Se tivermos igual respeito e consideração, como afirma Dworkin, na atuação dos três poderes há reforço do espírito republicano melhorando a qualidade do debate na esfera pública e, com efeito, na esfera privada.

Mas não é só isso, é preciso que se reforce a noção de auto responsabilidade, a democracia participativa, a adequação do discurso oficial ao real , a educação para a cidadania, o incentivo e a cultura do compartilhamento do direito à  informação verídica, a oposição responsável, a aceitação da derrota, o respeito às minorias, mas também às maiorias sem a utilização do poder como vingança.

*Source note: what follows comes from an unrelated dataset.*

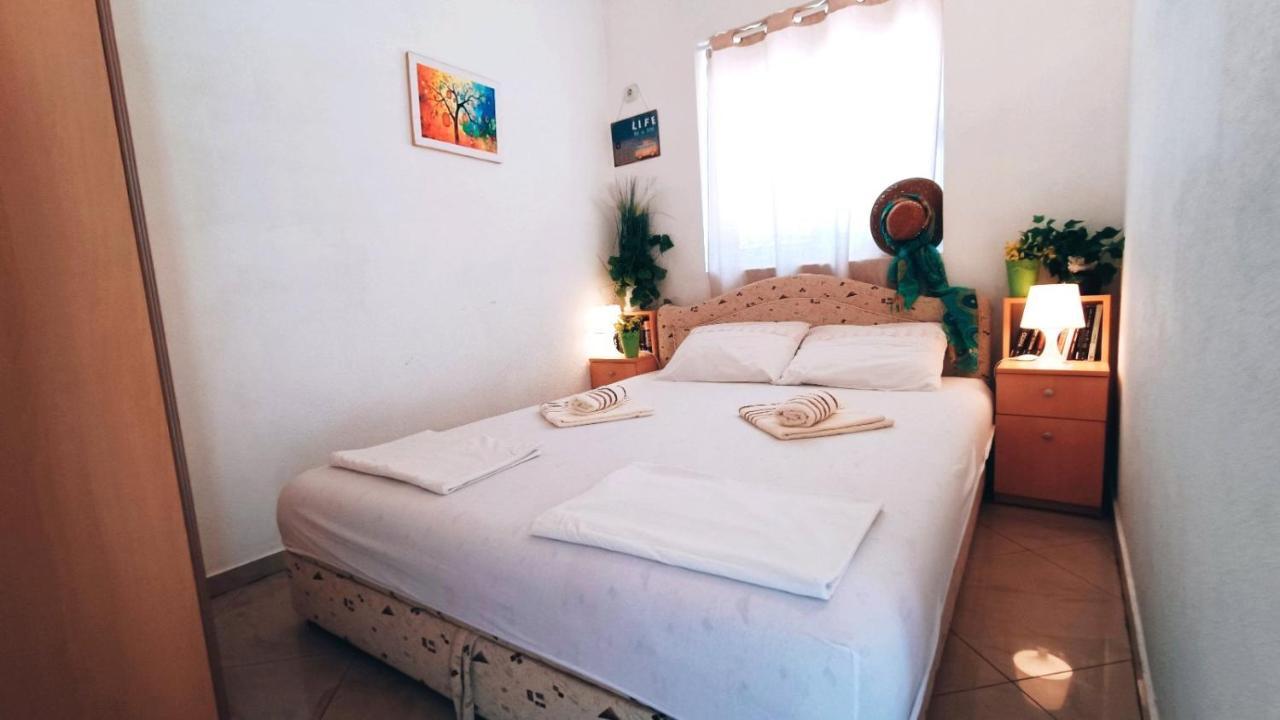 Beach Apartment With Beach Chairs N.1 Utjeha Εξωτερικό φωτογραφία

E como? Transparência nas ações, impessoalidade institucional, incentivo do sentimento de pertencimento à comunidade e uma mudança de paradigma da incapacidade, para a capacidade de resistir, de aguentar o outro, o diferente, o oposto. Do contrário, a democracia irá morrer. Precisamos perceber os maléficos efeitos da intolerância e agir rapidamente.

Como aduz Melani Feldmann: “(…) nos fazem perceber que o fim da origem do vilão é o princípio do nascimento do herói. Esse Estado de Exceção que viola direitos fundamentais em “prol de uma causa maior” ilustra uma impostora artesania de valores, ludibriando os bobos da corte no limite da excelência. Reflexões difíceis sobre questões complexas, buscaremos a glória ou nos contentaremos com a perdição?”

Parafraseando a autora supra, continuemos feito bobos da corte na perdição da intolerância nos debates públicos e privados ou pregamos uma fraternidade política e institucional com resgate às regras formais e informais do regime que ainda entendemos melhor para a cidadania, qual seja a Democracia.